One problem that I kept coming up against in my rediscovery of the TSR settings is the lack of moral complexity and depth that comes along with the assignment of a universal "good" and "evil" typified in AD&D's ninefold alignment system. To my mind, the existence of an objective "good" or "evil" cheapens any implementation of morality in a game. Further, there's a definite value judgment that goes along with good and evil where we tend to equate "good" with "best" and "evil" with "worst." The "good" behaviors are the ones that PCs are expected to undertake, and players who want their PCs to act in what the game defines as "evil" are often viewed as problematic. Even worse is the "evil campaign" where everybody tries to outdo each other with ever-greater cartoonish villainy. Boring.

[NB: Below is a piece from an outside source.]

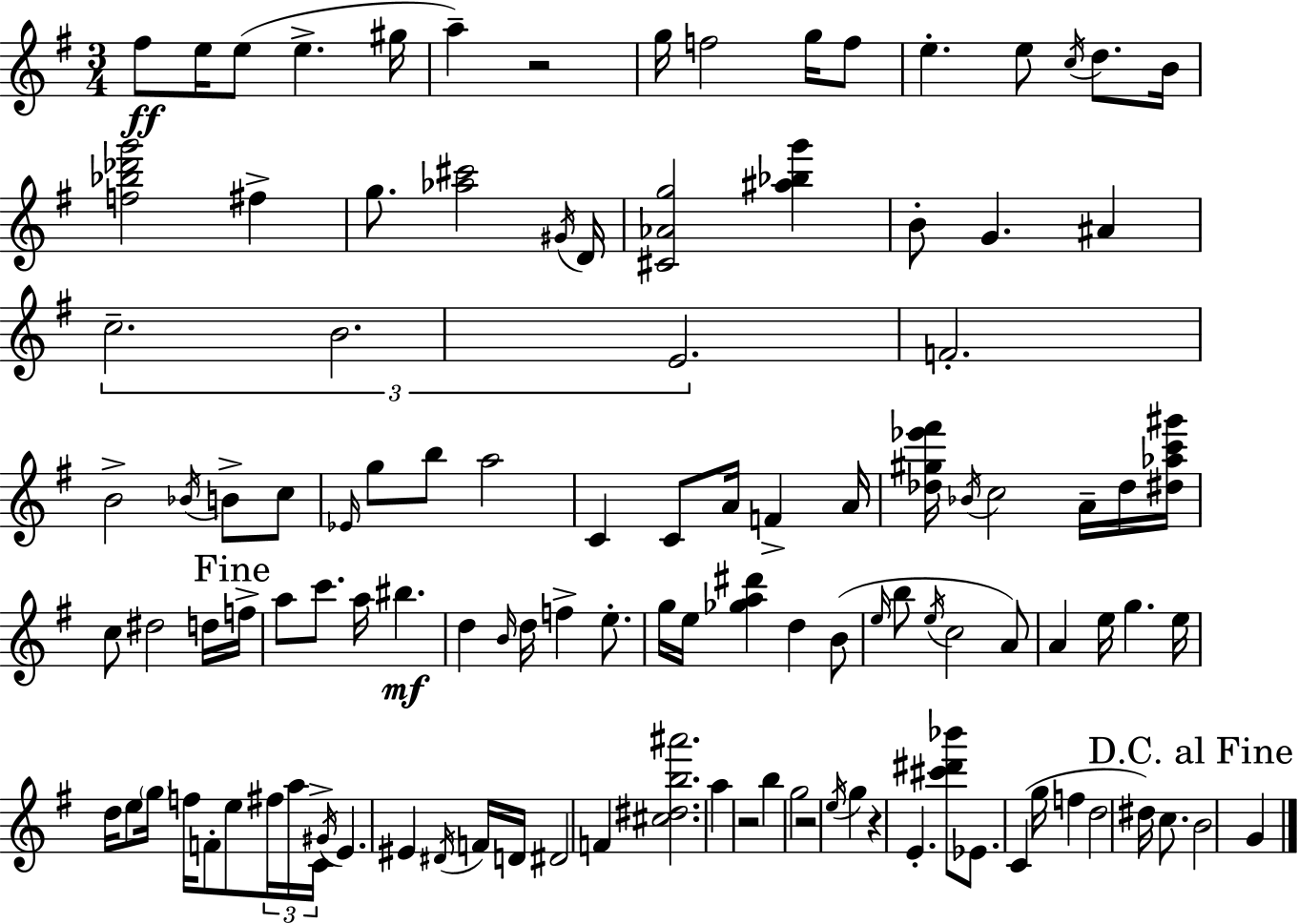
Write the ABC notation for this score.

Contrast this buffoonery and pidgeon-hole-ry with the more robust breadth of philosophy that exists within a threefold alignment system. Here, alignment truly means "that with which the character is aligned" and not just "stuff toward which the character is predisposed." If we're not aligning characters with good or evil, then Law's recourse to behaviors is as robust as that of Chaos. Makes much more sense to me.

An Overview

One of the great missed opportunities of the 2e era, I believe, is the lack of integration between settings. I say "missed opportunity" because 2e gave us two different settings that could be used to connect the various settings. Spelljammer was cancelled before it had the chance to connect, say, Athas with Cerillia, but had previously connected the vanilla 1e settings, Dragonlance, Greyhawk and the Forgotten Realms. Planescape, on the other hand, deliberately avoided pushing the "multiverse model" too hard, but rather kept it as a background feature that could be used or ignored as the DM saw fit; the DM had plenty of planes to mess around with without even getting into "alternate realities" posited by different campaign settings, but you could totally do it if you wanted.

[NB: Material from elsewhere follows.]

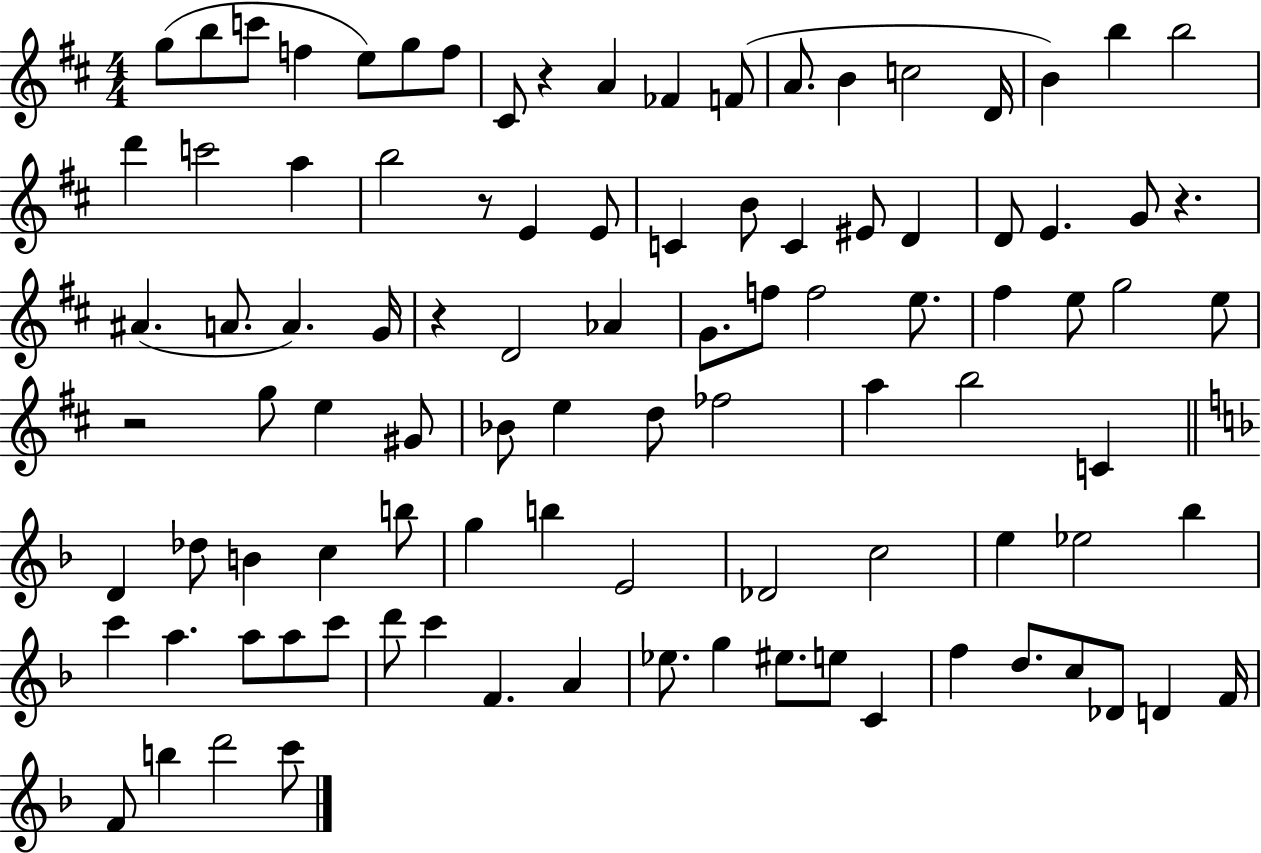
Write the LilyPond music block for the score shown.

Thus, in reclaiming the 2e settings, I'm taking the opportunity that I feel TSR squandered and uniting all of the settings. Here are my "work-in-progress" names for the 2e-era settings that I'm planning on reclaiming:


  • Arrasoom, World of the Dying Sun
  • Divine Right, Blood of Gods, Blood of Kings
  • [Jakandor], the Last Continent (name still very much up in the air)
  • Planet Terror, World of Hungry Mists
  • Voidscape, Storms of Change on the Frontiers of Reality


Note that I don't include Mystara/the Known World/Red Steel/the Hollow World here. Largely, that's because I think that it/they/whatever you call so many linked settings needs very few changes to integrate in this new whole. Mystara, for me, is as close as a vanilla D&D setting can get to ideal, so I'm touching it as little as possible.